Carmichael and The Art of Untruthfulness | Autonomy Scotland

Carmichael and The Art of Untruthfulness

It must be pretty confusing for a politician to be on trial for an act that is so ubiquitous in the profession. Our criminal justice system would be on its knees if we prosecuted every unreliable political utterance. And I have heard many a Union-minded Carmichael supporter argue that fact this week; that this is a show trial, that Carmichael is being punished by a braying Cybernat horde for his role in the Better Together campaign. However, they fail to see the difference between Carmichael’s act and most political subterfuge. The deceptive pronouncements of most politicians are promises relating to future events, often opposing voices with distinct views which can’t both simultaneously be true. Depending on who you were listening to an independent Scotland could have been the most prosperous and egalitarian country in the world or it could have been a financial basket case the demise of which would have heralded a cataclysm. There is no way to tell if the disseminators of such clashing views are being duplicitous. They often are and often in a subtle and highly damaging way. Although, most intelligent people understand that the politician’s job is to sell us an appealing version of the future and it is our job to take that vision with a pinch of salt, cling to it for a few years and to eventually hold them to account.

Carmichael on the other hand just lied. He lied about a past event that he had first hand knowledge of. And he lied to his colleagues so they had to initiate a needless investigation that cost the taxpayer money. And he lied purely for selfish reasons, as he knew that admitting to the lie before the general election would mean that he would have lost the seat that he so narrowly won. In any other walk of life, spreading a lie about a person in the same profession as you, and then denying your involvement in order to secure your own employment for the next 5 years would get you sacked. And if Carmichael had a grain of integrity he would have quit and run again in a by-election. However, in this world he will probably keep his seat because a couple of Law Lords are going to spend hours discussing what type of a lie he told and publish a nice wee ruling, at more cost to the tax payer, and that ruling will likely state that his particular type of lie was a permissible way to steal an election.

While we should be sad that the vagaries of constitutional law are going to rescue a shameless and spineless man maybe we should have sympathy for Carmichael as this week, and pretty much most weeks since the referendum we have seen that it is maybe those more common political untruths that are more dangerous.

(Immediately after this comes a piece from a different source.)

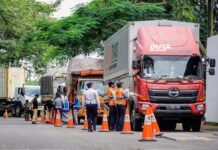 Catatan Kemenhub Ada 1,3 Juta Kendaraan Angkutan Barang Patuhi Aturan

Those misleading and undelivered promises can have a bigger effect. Like how days before the referendum two prominent politicians and a prominent and trusted news reader appeared on live TV and used words like “Devo Max”, “Home Rule”, “Keir Hardy” and “Federalism”, never fully promising that these things will occur but trying their enthusiastic best to give that impression. To impact what was for them a terrifyingly close result.

And I wonder how many of those undecided and soft Yes voters had their minds made up and decided to give the best of both worlds another chance? And I wonder how many will look at the subversion of democracy that was the Scotland Bill debate this week. When the statements made by Darling and Brown on live TV were forgotten, as the views of the politicians Scotland voted for at the General Election were ignored. How many now feel betrayed that the powers we have received fall miles short of anything that could conceivably be called Home Rule or Devo Max?

Also this week we see two major polls published showing that opinion throughout the UK is against remaining in the EU. The same polls suggest that Scottish people wish to remain. However, during the referendum campaign we were constantly told that it was a Yes vote that was putting our place in Europe at risk. As Darling said pre referendum in response to Salmond’s fear that Scotland would be dragged out against its will by the UK:

“It is Alex Salmond who is playing roulette with the EU. The average time it took countries to join the EU in the last 20 years is about eight years. The last thing Scottish firms need is that uncertainty. It would be entirely self-inflicted.”

Maybe Salmond was gambling but if England votes to leave and we vote to stay then we don’t even have a gambler’s chance of affecting the result. I wonder how many listened to the likes of Darling and believed that they were more likely to remain in the EU if they stayed in the UK. Are these people starting to worry about a Brexit?

And this week we also learn that thousands of tax jobs in Scotland are now at risk. These very same jobs that were used as examples by Project Fear as jobs that would have been lost after a Yes vote. Implicit in this pre referendum scaremongering is that these jobs would be safe if we chose to stay. I wonder how many who work in these offices were swithering on which way to vote and used job security as the deciding factor.

These slippery pre referendum words were powerful as they played on our fears and aspirations. They have been shown to be dubious this week. They join hundreds of dubious indyref promises and hundreds more to come. One can only hope that enough people believed them, remembered them, and feel let down by them that the next time we get to go to the ballot box to decide our fate a different course of action is taken. There is some evidence that support for Independence is growing.

One thing is for sure, I much prefer the less subtle and blatant Alistair Carmichael approach. You know where you stand with a lie like that. You know how to judge the motives and character of the perpetrator. Even as the Law lets him off the hook he will be punished badly if he has the gall to stand again.